Always the One Who Plans the Trip? How to Finally Share the Work
Be honest: when your group takes a trip, you plan it. You book the place, you make the spreadsheet, you chase everyone for money, you build the itinerary. Everyone else shows up and has a great time. You show up exhausted, having done a second job for three weeks.
It's not that your friends don't care. It's that the way most groups plan funnels everything through one person — and once that's you, it stays you. Here's how to actually share the load.
Stop being the human inbox
The default organizer becomes a bottleneck: everyone sends you their ideas, links, and preferences, and you manually paste them into the plan. That's the trap. As long as you're the only one who can update the plan, you'll be the only one who does.

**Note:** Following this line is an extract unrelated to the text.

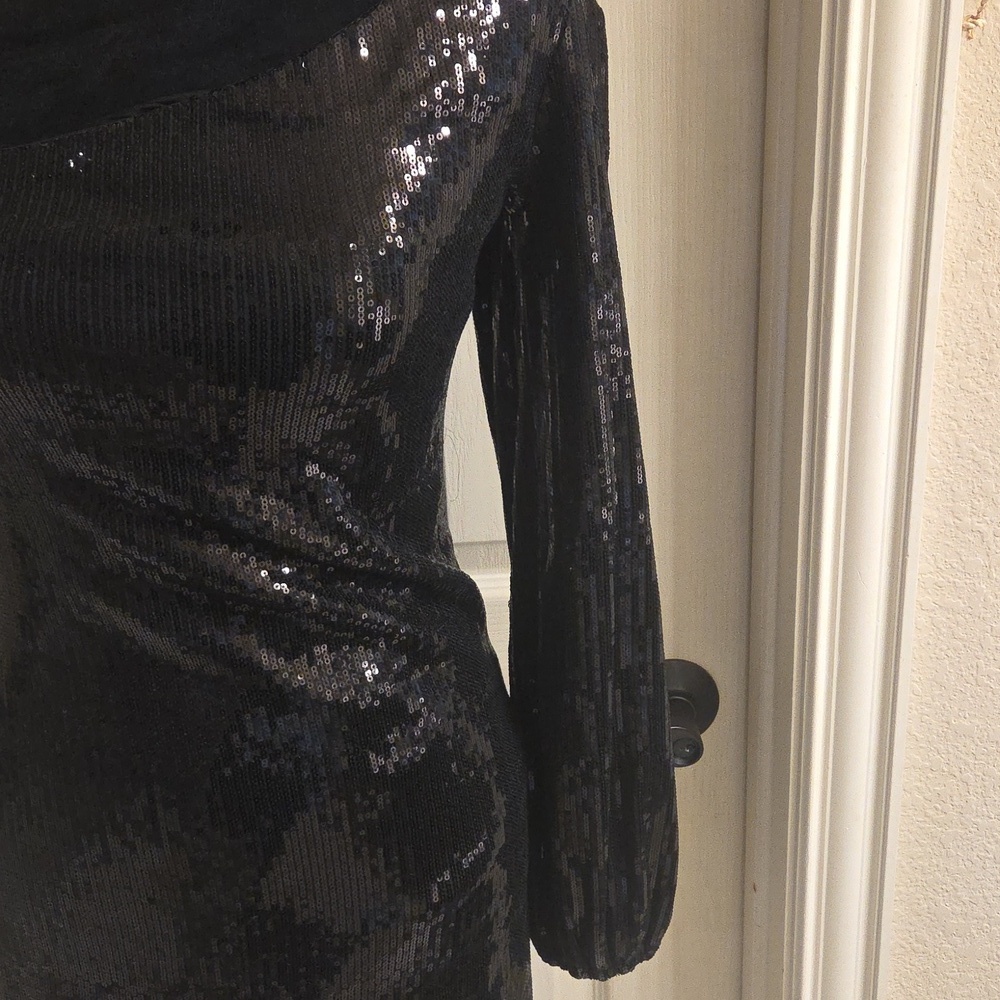 One-Shoulder Black Sequin Dress NWT - Picture 6 of 16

Hand out roles, not requests
Give people ownership of a piece instead of asking them to send things to you. One person owns food, one owns the flight list, one owns the day-trip. Suddenly it's their job, not another item on yours.
Use a plan everyone can edit
This is what breaks the cycle. With bothways, the trip is one shared plan that everyone can open and edit — so your friends add their own spots, flights, and ideas directly, instead of routing them through you. You stop being the human inbox, because there's no inbox anymore. The plan just fills itself in.
Bow out gracefully next time
Set the trip up, share the link, assign the roles — and then genuinely step back. The plan being visible to everyone means it no longer depends on you to move forward. That's the whole point.
You don't have to be the trip martyr forever. Give the group a plan they can all edit and a few clear roles, and planning becomes something the group does — not something that happens to you.